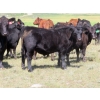 Image 1 : Colven Cattle Co. - 675# Sept/Oct Delivery Steer Calves - 65 Head (Bethune, SK)
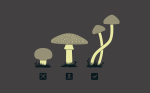 Mushrooms.png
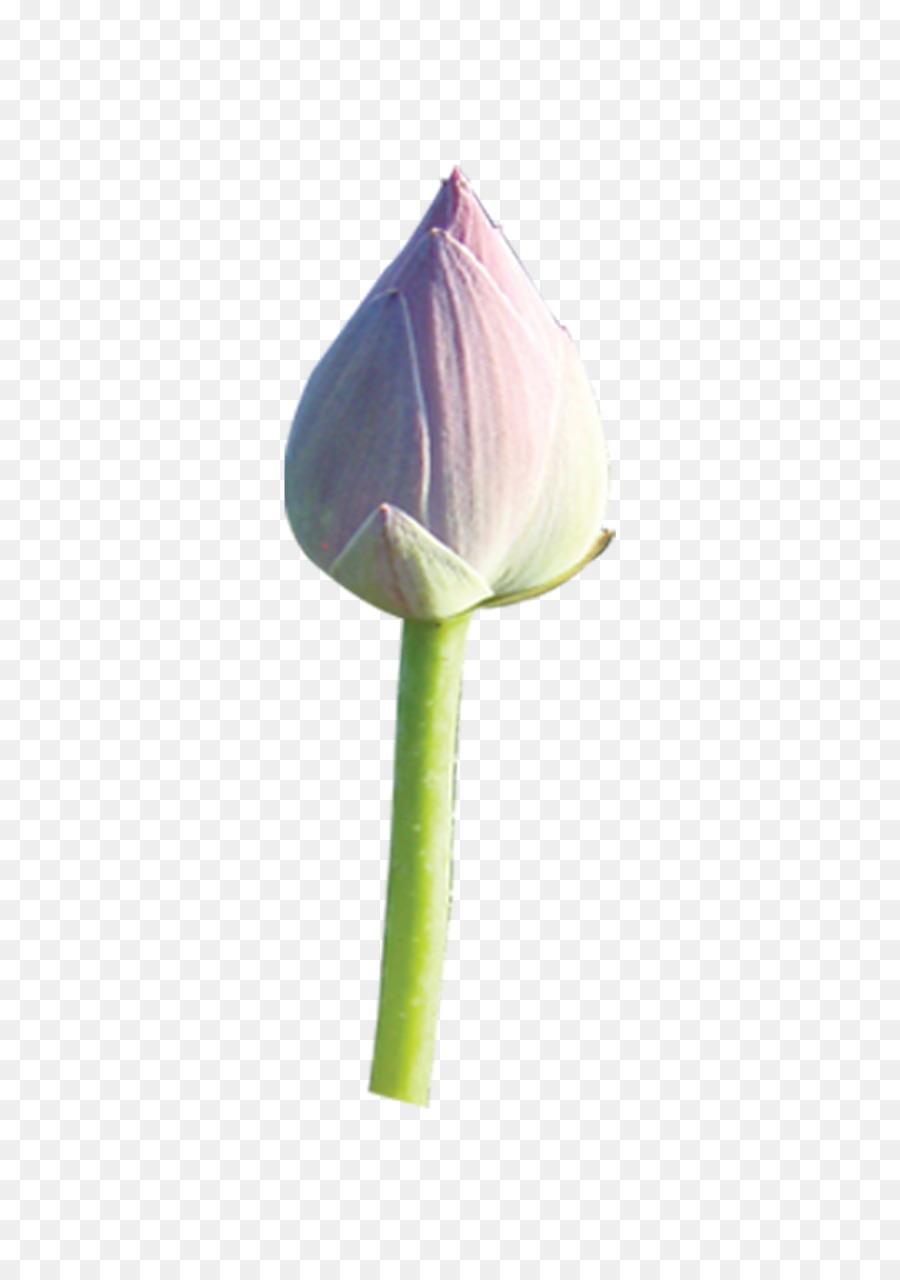 Botão De Lótus，Rosa PNG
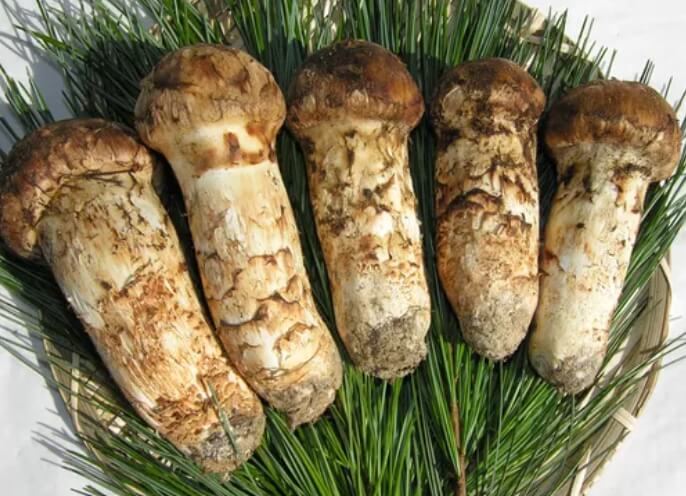 송이버섯, 건강부터 요리까지 다양한 이야기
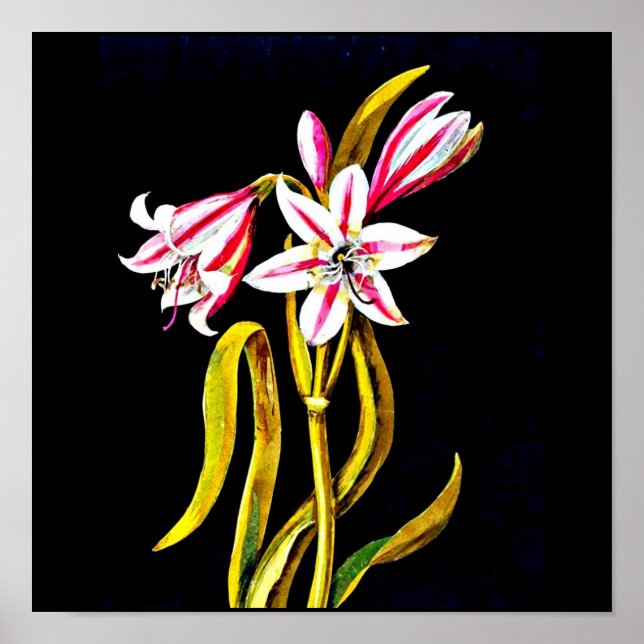Póster Poster-Arte Botánico-Mary Delany 3 (Frente)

--------

Omit the pictures and write out the lines above from the one with "Botão De Lótus，Rosa PNG" through the last, unchanged.

 Botão De Lótus，Rosa PNG
 송이버섯, 건강부터 요리까지 다양한 이야기
Póster Poster-Arte Botánico-Mary Delany 3 (Frente)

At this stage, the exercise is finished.